Gerade diese Rentabilitätsvermutung kann hier nicht herangezogen werden: Der Kl. verfolgte mit der Fahrt zum Konzertort und den Übernachtungen vor und nach dem Konzert das Ziel, das von der Bekl. geschuldete Konzert nach seinen individuellen Bedürfnissen und Vorstellungen optimal zu genießen. Für den Kl. bestand gerade keine Möglichkeit, im Sinne der Rentabilitätsvermutung diese für den immateriellen Zweck des optimalen Konzertgenusses aufgewandten Kosten wieder zu erwirtschaften. Insofern spricht auch die Regelung des § 253 BGB gegen eine Erstattung, da der Schaden des Kl. hier allein in der Vereitelung des bezweckten optimalen Konzertgenusses liegt und daher einen immateriellen Schaden darstellt (BGH, NJW 1987, 831 [834] = LM § 157 [Ga] BGB Nr. 33).
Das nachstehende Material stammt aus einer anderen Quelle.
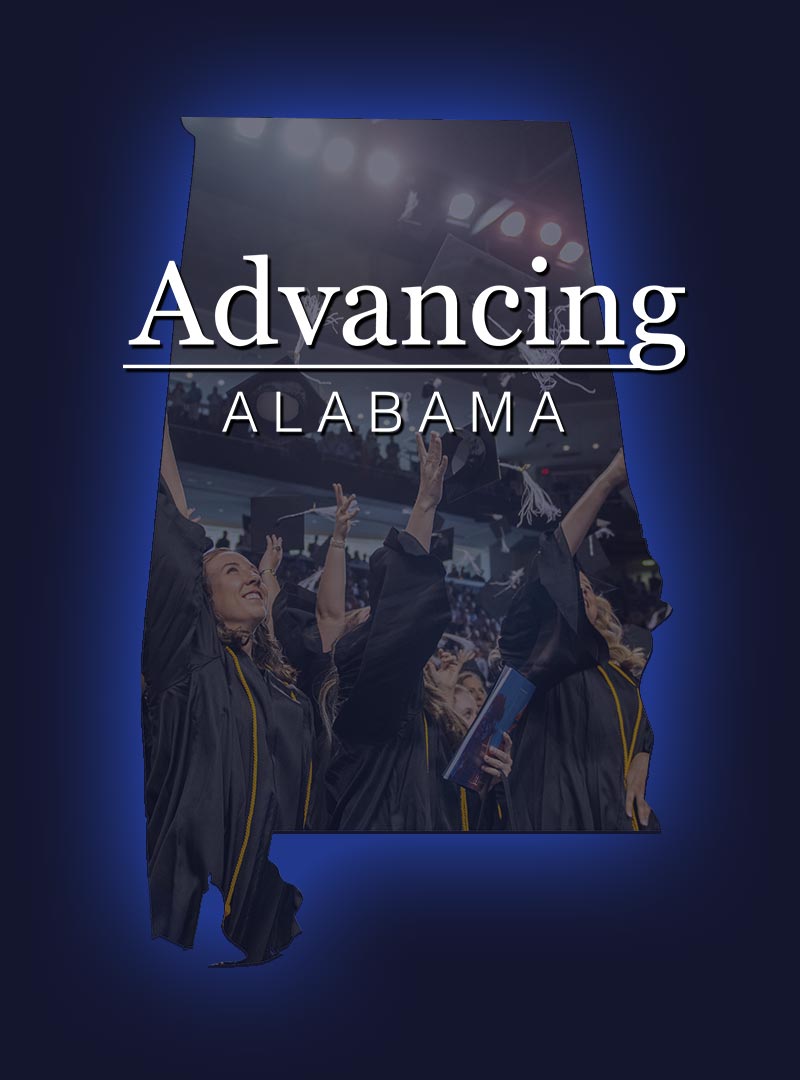 The words Advancing Alabama with graduates below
Ein Ersatz der Fahrt und Übernachtungskosten kann aus § 325 I BGB auch nicht unter dem Gesichtspunkt erfolgen, dass die Aufwendungen allein im Vertrauen auf die vertragsgemäße Leistung der Bekl. getätigt worden sind. Gemäß § 325 I BGB wird die Haftung gerade nicht schon durch ein gesetztes Vertrauen, sondern erst durch spätere Vertragsverletzung ausgelöst. Selbst wenn man jedoch auch aus § 325 I BGB einen Ersatz des Vertrauensschadens entnehmen könnte, so wäre der Kl. entsprechend der Regelungen in §§ 122, 307 BGB auf das Erfüllungsinteresse beschränkt, da er bei enttäuschtem Vertrauen nicht besser gestellt werden kann als bei erfülltem (BGH, NJW 1983, 443 [443] = LM § 249 [A] BGB Nr. 65; NJW 1987, 831 [835] = LM § 157 [Ga] BGB Nr. 33).
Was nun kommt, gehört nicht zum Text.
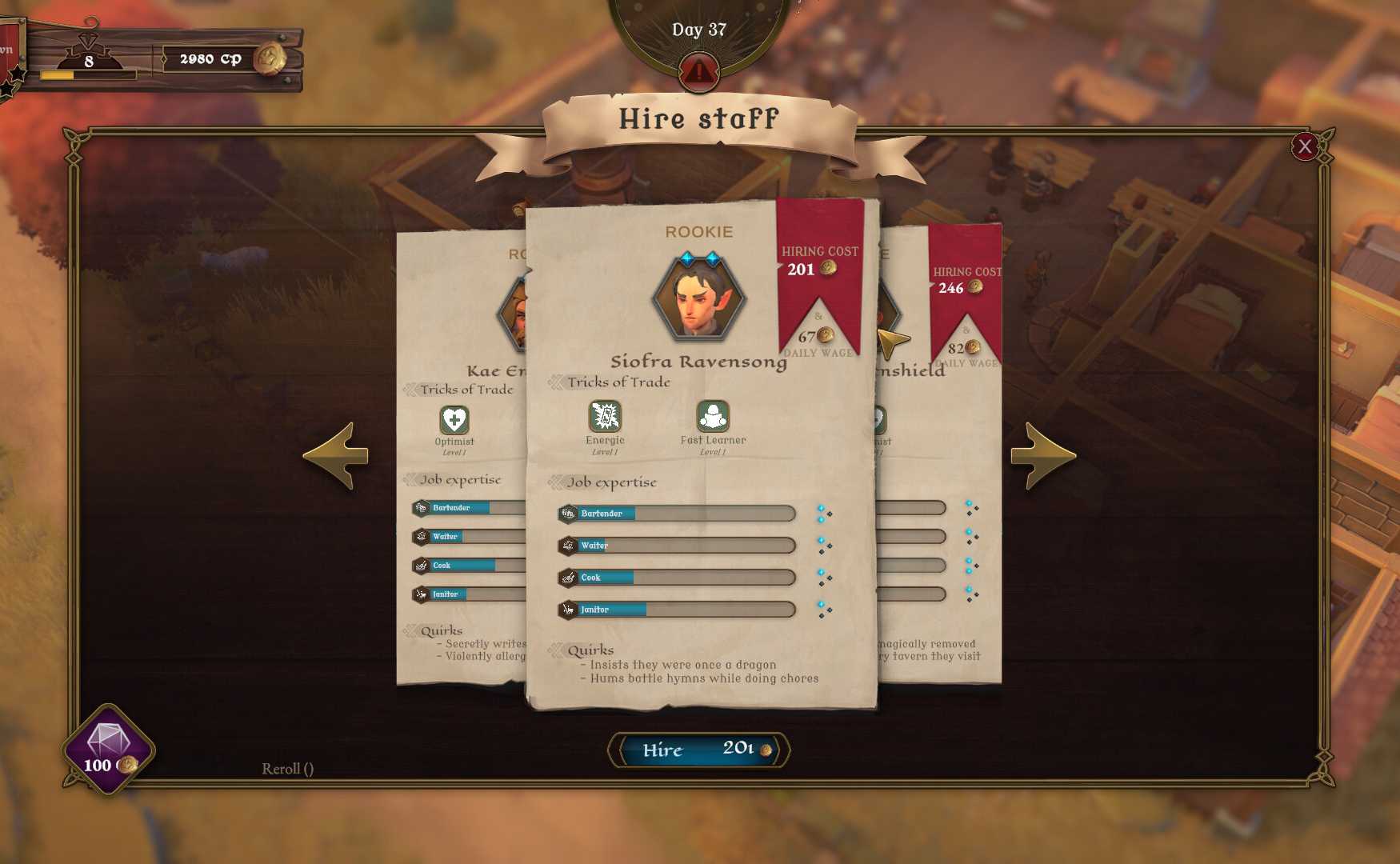 dnd long rest tavern hire staff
II. Dem Kl. stehen auch keine Ansprüche unter dem Gesichtspunkt der positiven Forderungsverletzung wegen unterlassener Aufklärung über den Konzertausfall zu. Es kann insofern dahingestellt bleiben, welche Informationsmaßnahmen die Bekl. über den Konzertausfall getroffen hat, da der Kl. Ersatz der Fahrt- und Übernachtungskosten auch bei Vorliegen der von ihm behaupteten Pflichtverletzungen nicht beanspruchen kann bzw. einen kausalen Schaden nicht vorgetragen hat. (Wird ausgeführt.)

Unter dem Gesichtspunkt der nutzlosen Aufwendungen kann der Kl. auch aus positiver Forderungsverletzung keinen Anspruch herleiten. Insoweit wird auf die obigen Ausführungen verwiesen. Insbesondere hat der Kl. auch hier nicht den Anspruch, besser gestellt zu werden, als er bei pflichtgemäßem Verhalten der Bekl. gestanden hätte.